Biarpun begitu, aku tetap memilih untuk bekerja di sini. Banyak pilihan yang memutuskan aku bekerja sebagai buruh migran. Diusiaku yang menginjak 30 tahun, aku perlu menambah ilmu dan pengalaman. Merasakan atmosfer yang berbeda dalam suasana multinasional. Pendewasaan dalam menghadapi hidup aku harapkan dari proses perjalanan ini. Ditambah kondisi keadaan perusahaan sebelumnya yang sudah alih kepemilikan 3 kali.

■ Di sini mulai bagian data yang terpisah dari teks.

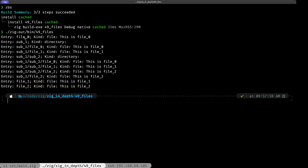We already have a cached build, so we can run it. As you can see, we get the full walk of the directory structure. One detail to notice is that the traversal order isn't necessarily what you'd expect. On macOS, in the root directory it traversed `file_0`, then went into `sub1`, traversed `file_0` and `file_1` there, then went into `sub2` and traversed all three files, then came back to `sub1` and finished with `file_2`, then back to root finishing with `file_1` and `file_2`.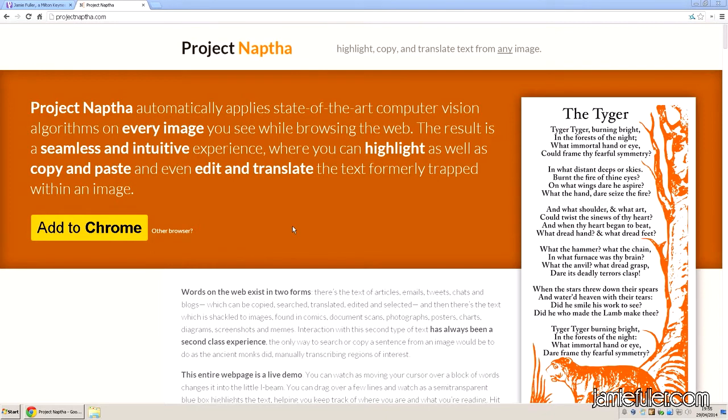I'd like to introduce you to a plugin for Chrome called Project NAPFAR, and what this plugin does is it allows you to select any text from within an image.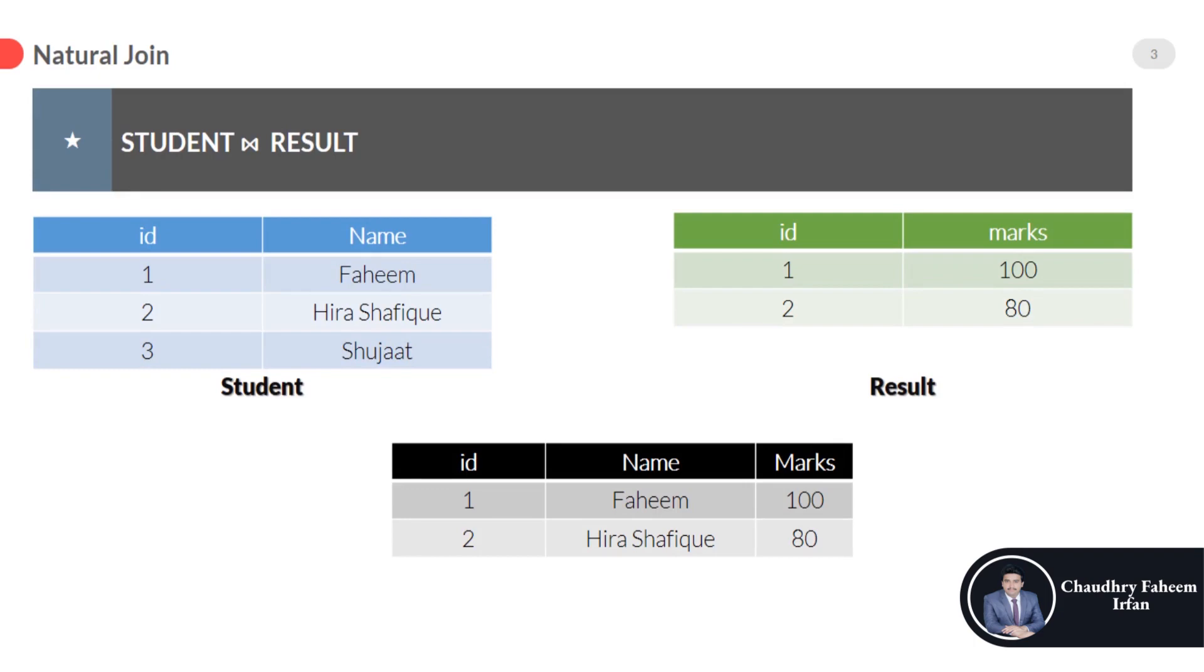Look at here. There is no condition like where student.id is equal to result.id.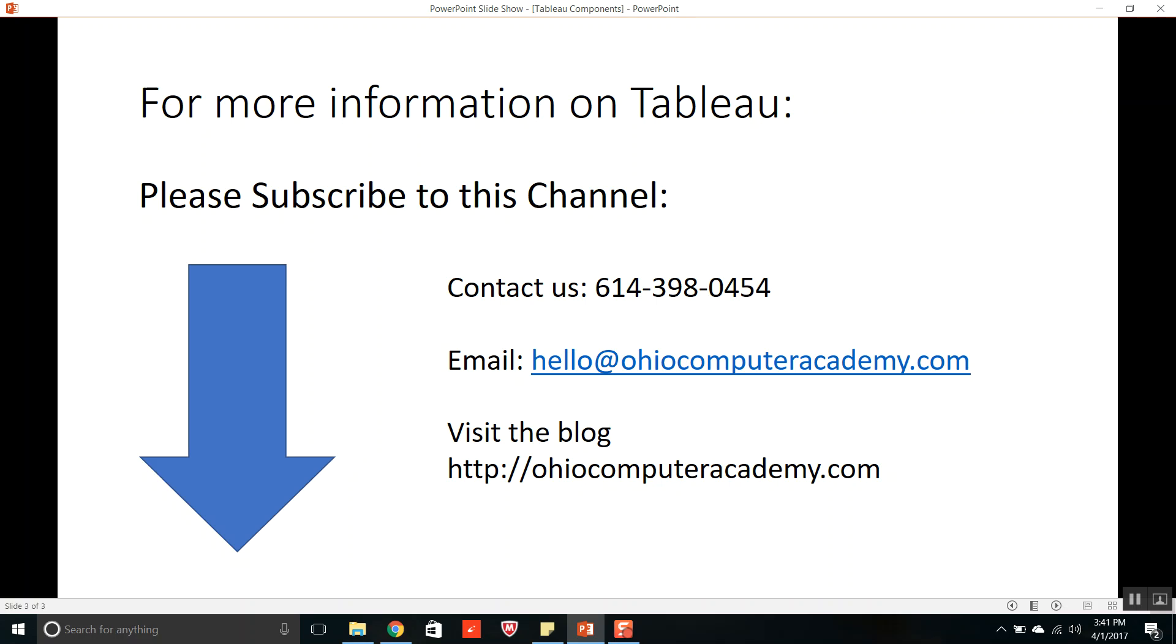So if you want please just contact us at 614-398-0454 or you can email hello at OhioComputerAcademy.com or you can visit the blog OhioComputerAcademy.com. Thank you.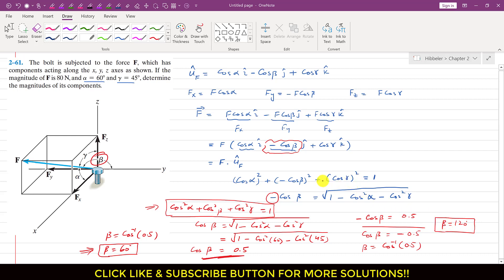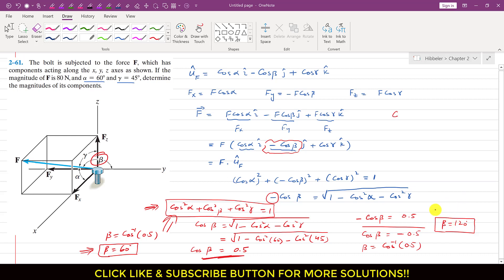From this discussion, we conclude that whenever a given component is acting in the negative direction, the cos of beta, cos of gamma, or cos of alpha value will be negative. If Fx were acting in the negative x direction, cos of alpha would be negative. This standard equation always gives the angle for positive components since the square eliminates the negative sign. In this problem, beta = 120°.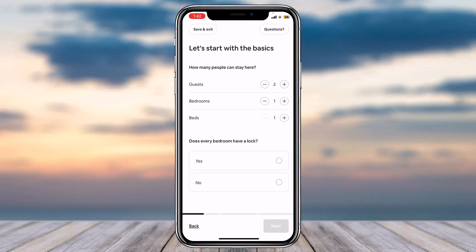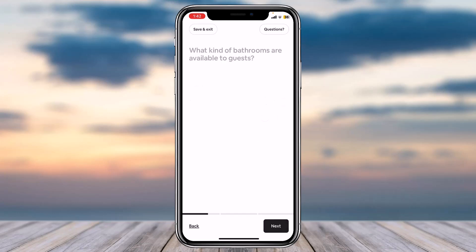Once you're done with all of the questions, you'll have successfully listed your space on Airbnb. That was it for this video — hope it was helpful. If it was, make sure you like this video and subscribe to our channel so you don't miss out on further videos like these.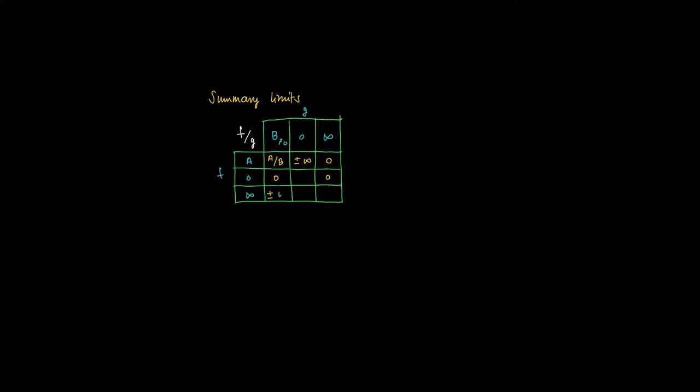If f tends to infinity and we divide it by some number g of x which is close to b, then we get plus or minus infinity. Infinity divided by 0 also gives plus or minus infinity.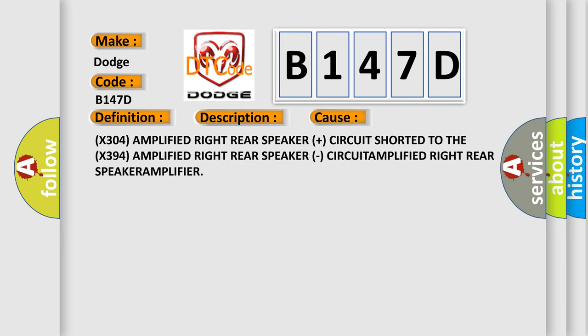X304 Amplified Right Rear Speaker Plus circuit shorted to the X394 Amplified Right Rear Speaker circuit.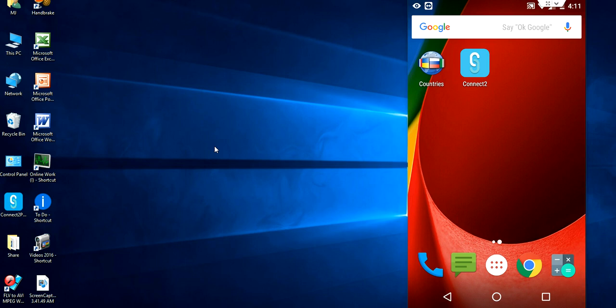Welcome back again. I am MJ. In this video, I will show you one more easy way to transfer your data in between PC and phone. We heard about the ShareIt. ShareIt's latest update is Connect2. Lenovo has updated ShareIt to the new name called Connect2.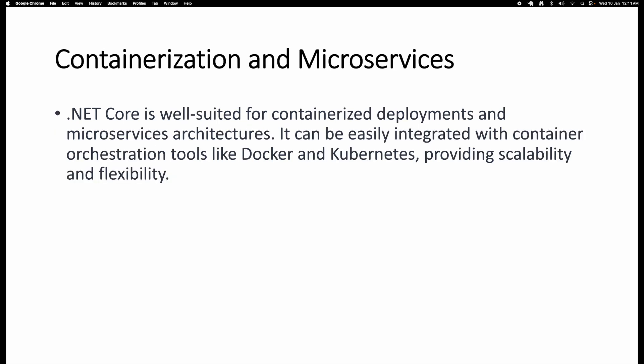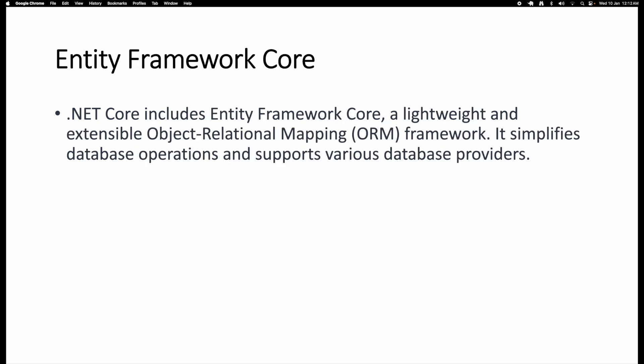Another advantage is that .NET Core has built-in support for Docker. When you first create a project in Visual Studio there is an option to enable Docker support. Using this containerization, we can quickly develop and deploy applications. Compared to the traditional monolithic approach, we can easily develop microservices applications quickly in .NET Core. Traditional applications do not support containerization by default, but in .NET Core this support is enabled by default in Visual Studio.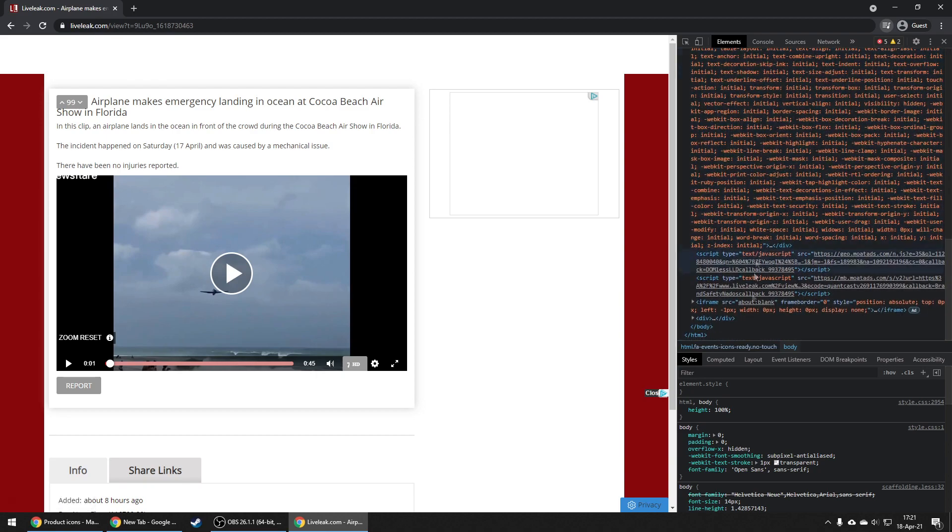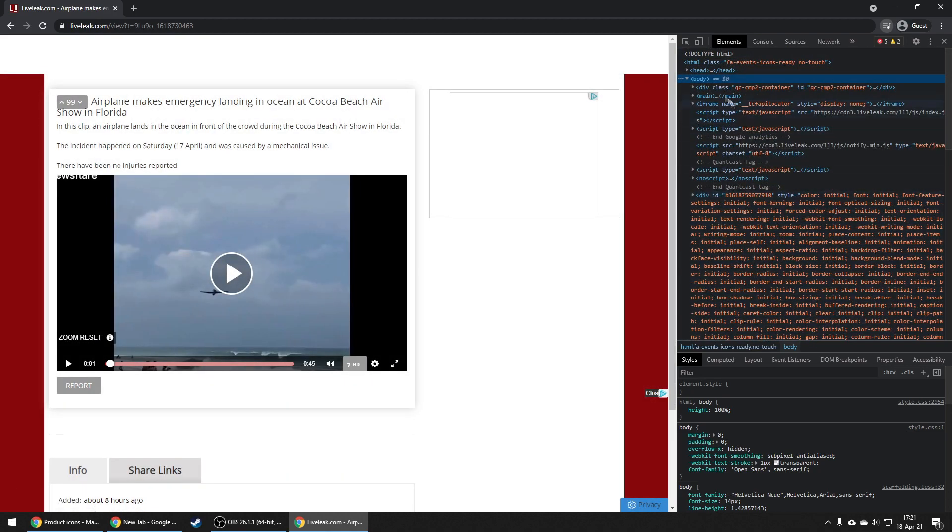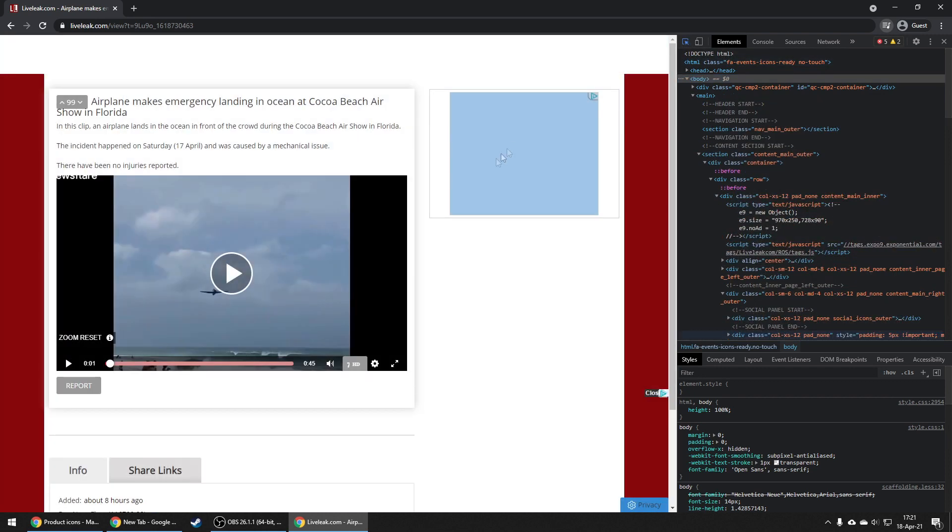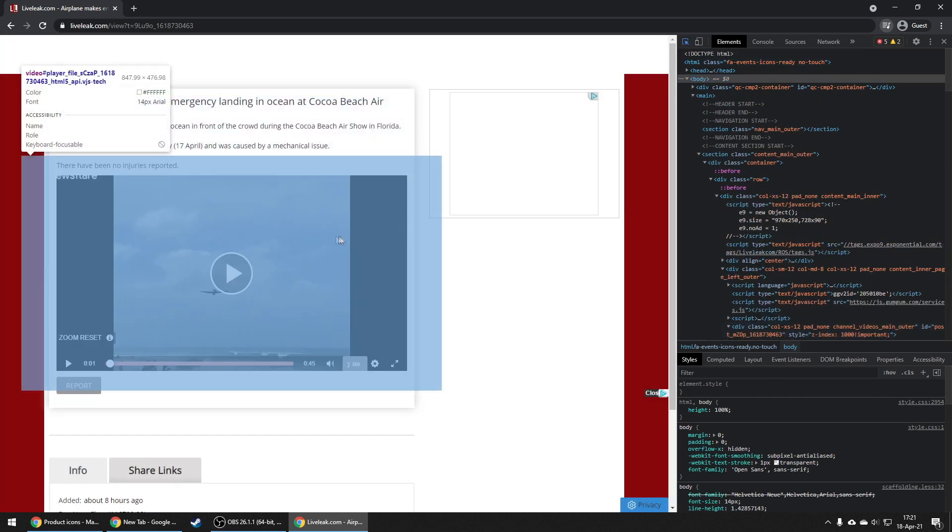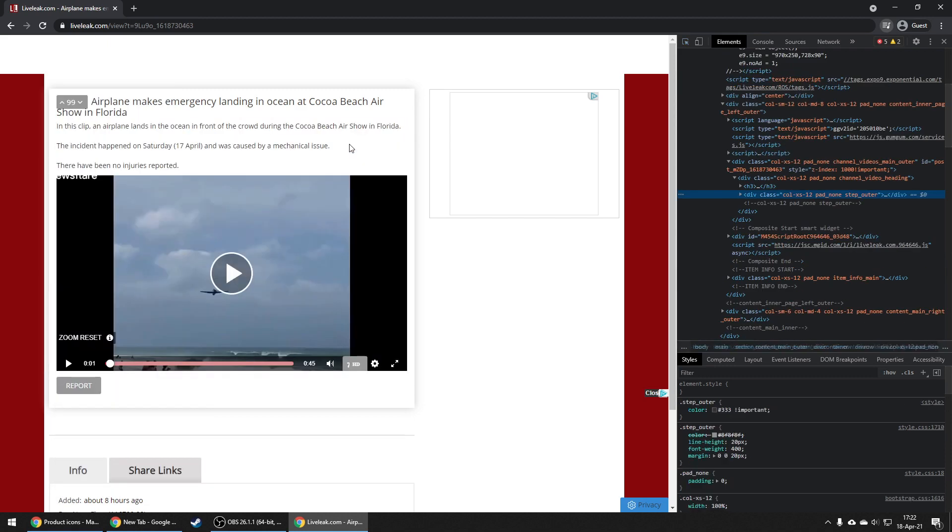Now we need to find the video in the source code. To do that, click on this icon on the top left and then click on the video or the elements over the video. There are usually many elements over the video we want to download.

Sebenarnya aku menikmati bekerja di Kawasan industri Merak. Posisi sudah lumayan walaupun tidak terlalu tinggi. fasilitas sudah cukup, terutama kesehatan dan rumah. Aku dapat memiliki rumah yang sederhana diusia yang cukup muda. Jika lihat ke kanan dan kiri, banyak yang belum bisa memiliki rumah diusia yang menjelang tua. Mereka terus hidup berpindah sebagai penghuni kontrakan. Selain itu ada hal yag bisa aku lakukan selain bekerja, yaitu aku bisa aktif di aneka kegiatan. Sebagai volunteer rumah dunia untuk ngurusin soal film. Dari sini aku beranjak membuat komunitas film, Scene TEN (sinten=siapa). Lahir dari workshop film dokumenter kerja bareng Imaji (perusahaan kecil yang aku pegang) dengan Rumah dunia. Aku memang menggebu saat itu. Ingin menjadi film maker. Peralatan aku paksain untuk dibeli. Walhasil dari kegiatan sinematografi ini aku dapat penghasilan tambahan. Lumayan, gak usah ngerepotin isteri ambil jatah dari gaji untuk hobiku.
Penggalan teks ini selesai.